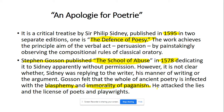Stephen Gosson attacked the lies and the license of the poets and playwrights. He strongly condemned the poetry of Sidney and the drama of his contemporaries, attacking the lies and the license of the poets and playwrights.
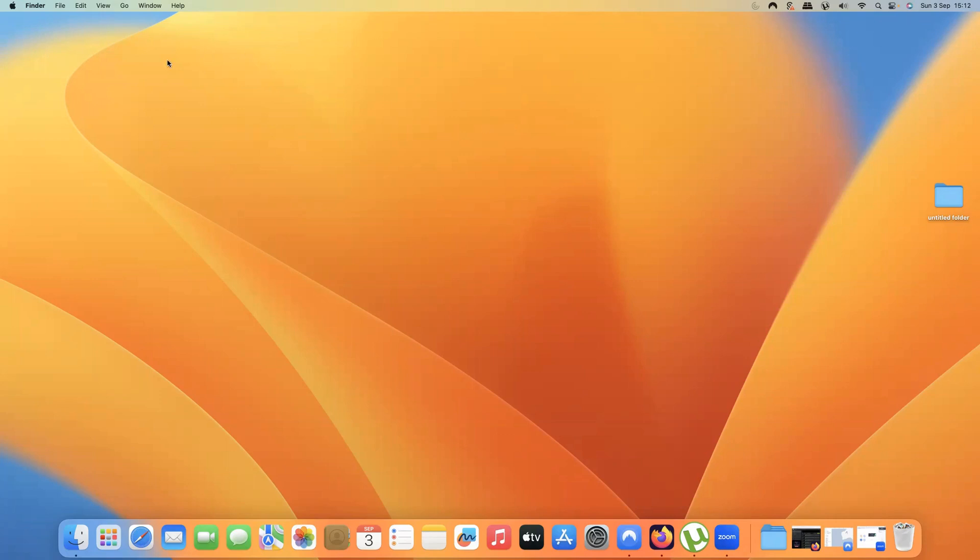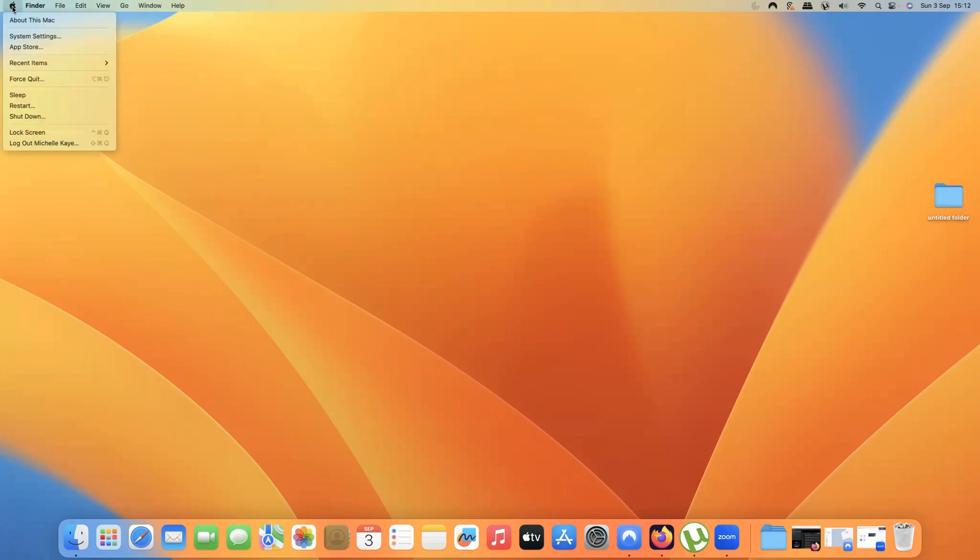So, all I need to do is go into the top left hand corner of my screen and it doesn't matter if I've got anything running or not. Click on the Apple logo and you'll see the very first option is About This Mac.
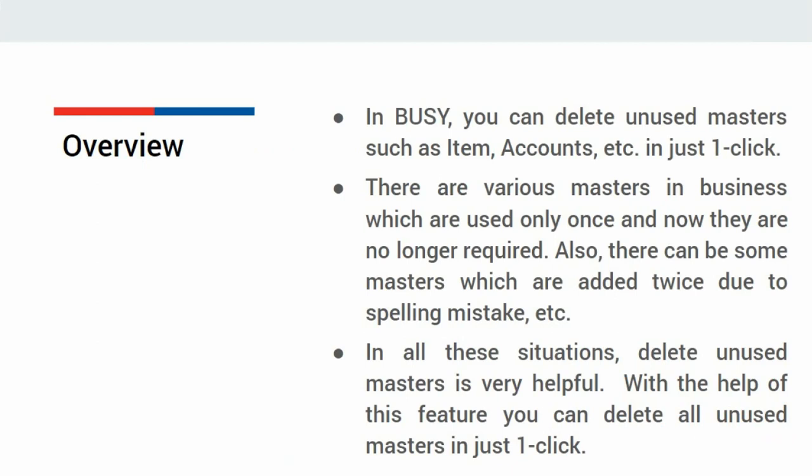There are various masters in business which are used only once and now they are no longer required. Also, there can be some masters which are duplicated due to spelling mistake, etc. In all these situations, delete unused master is very helpful. With the help of this feature, you can delete all unused masters in just one click.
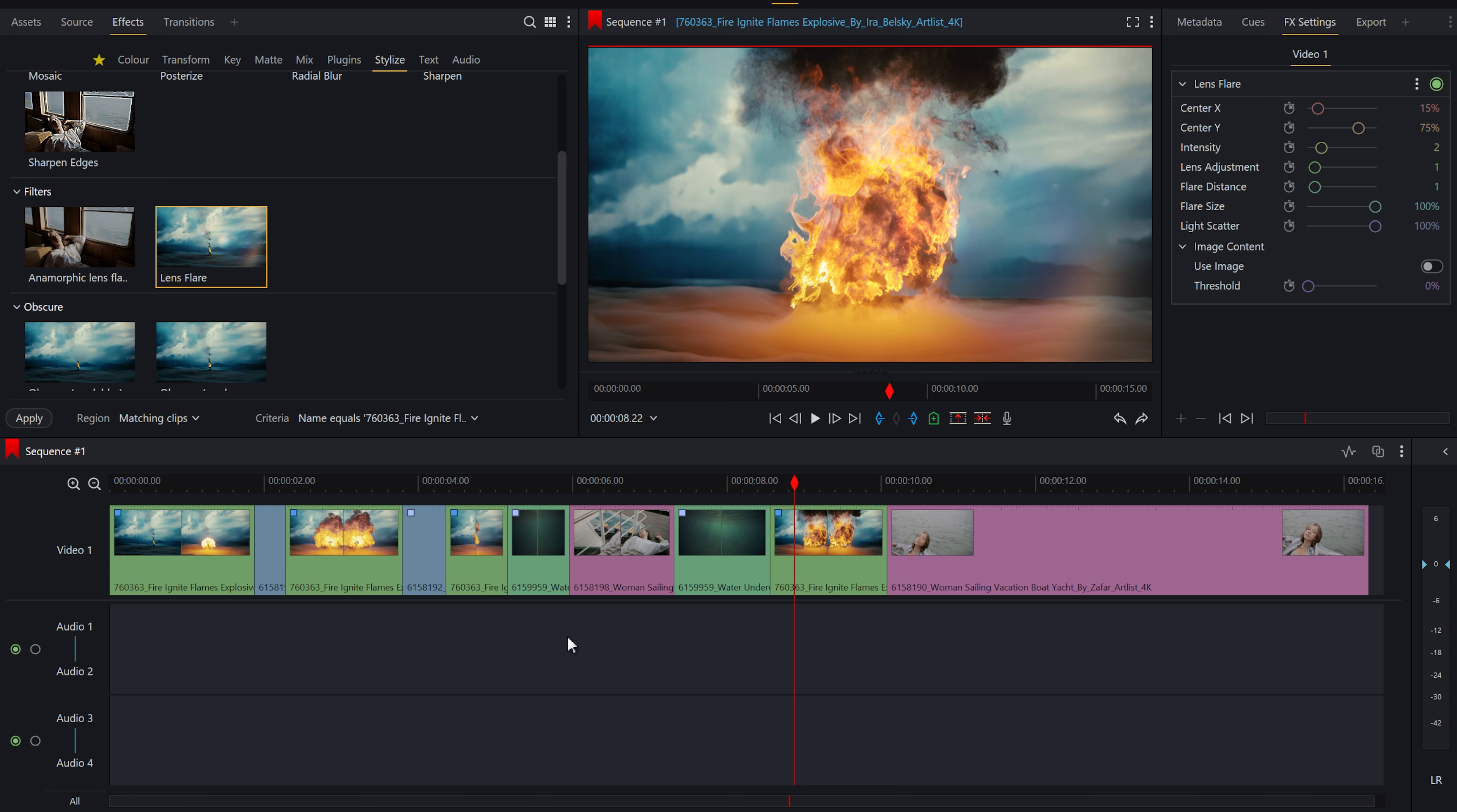Obviously, after that, each of those effects are then individual elements. So if you want to tweak them, you'll have to tweak them on each clip individually. Just note that.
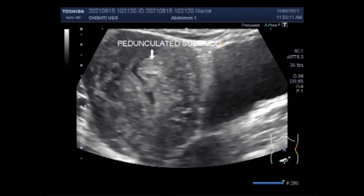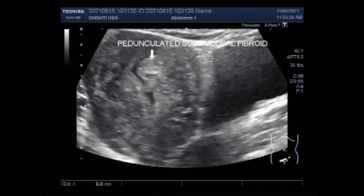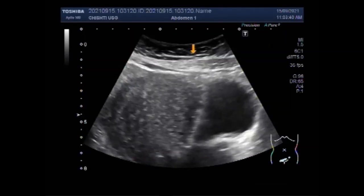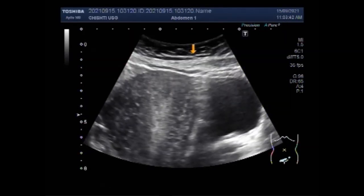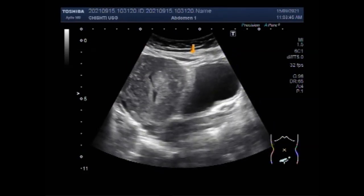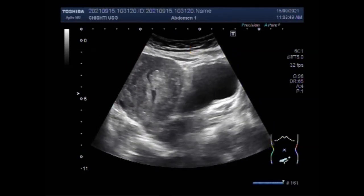Again, you can see the pedunculated fibroid inside the uterine cavity. Pedunculated fibroids are non-cancerous uterine growths attached to the uterine wall by a peduncle, a stalk-like growth. Those that grow inside the uterus are known as pedunculated submucosal fibroids, and those that develop outside the uterus are known as subserosal pedunculated fibroids.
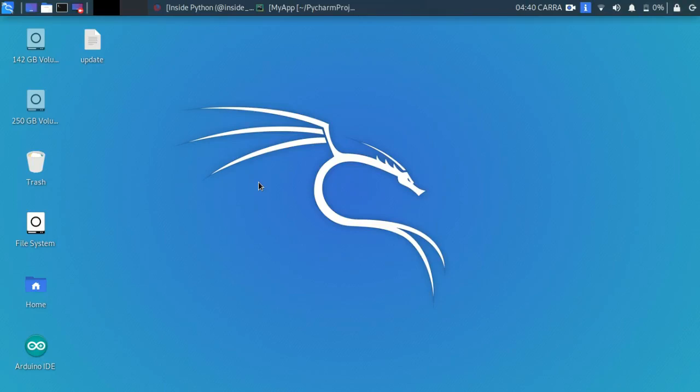Welcome back to our channel Inside Python. We are starting a new series on Android development using Kivy. The applications you create in Kivy can be used on different platforms with the same code — so if you create an application on Linux, you can deploy it on Android, Mac, iOS, and more.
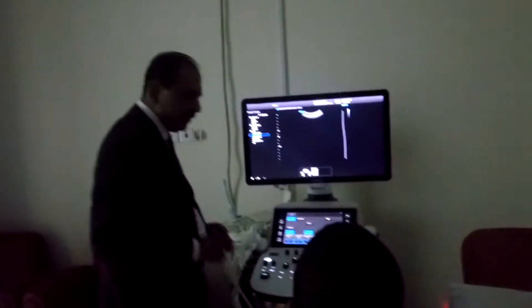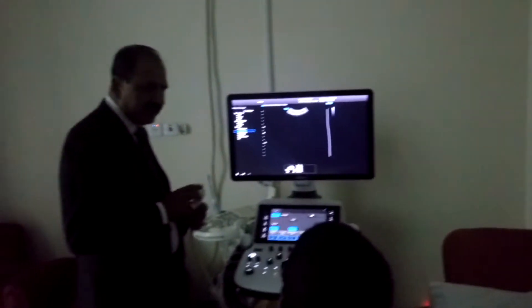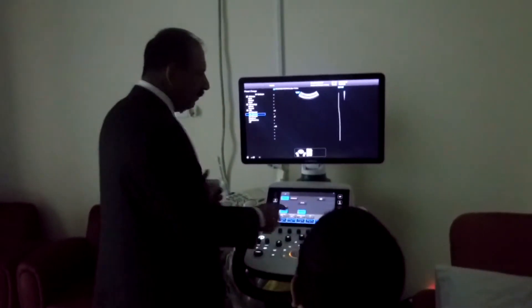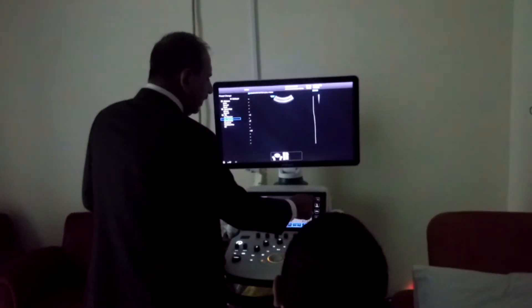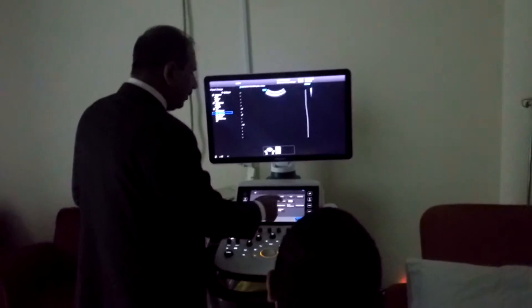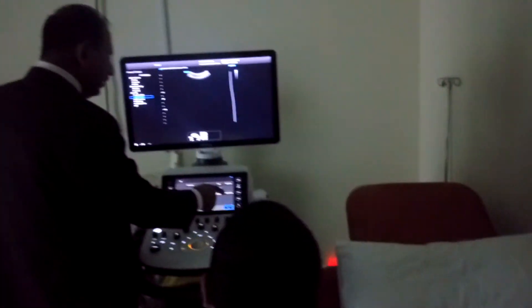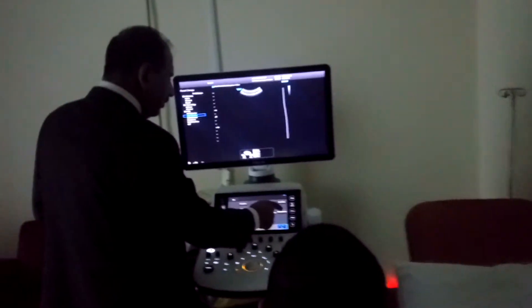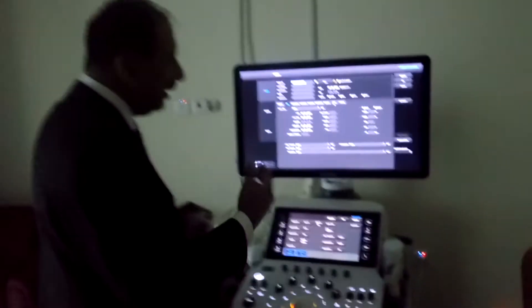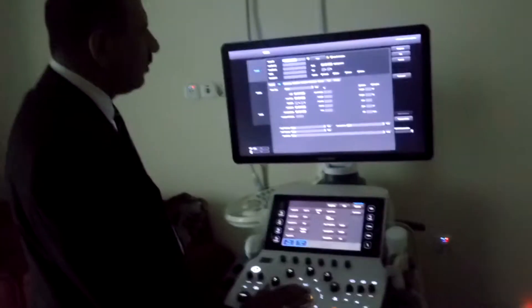S-detect, smart detect. So this demo, I would like to start from the demo. S-detect, ok. Then we can start practically outside.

****************

◆ WORK INSTRUCTIONS ◆
Write out nothing but the lines from the start of the data through the line with "So, all I need". Leave out the pictures.

◆ RESULT FOR THIS EXERCISE ◆
Stephen Gosson attacked the lies and the license of the poets and playwrights. He strongly condemned the poetry of Sidney and the drama of his contemporaries, attacking the lies and the license of the poets and playwrights.
So, all I need to do is go into the top left hand corner of my screen and it doesn't matter if I've got anything running or not. Click on the Apple logo and you'll see the very first option is About This Mac.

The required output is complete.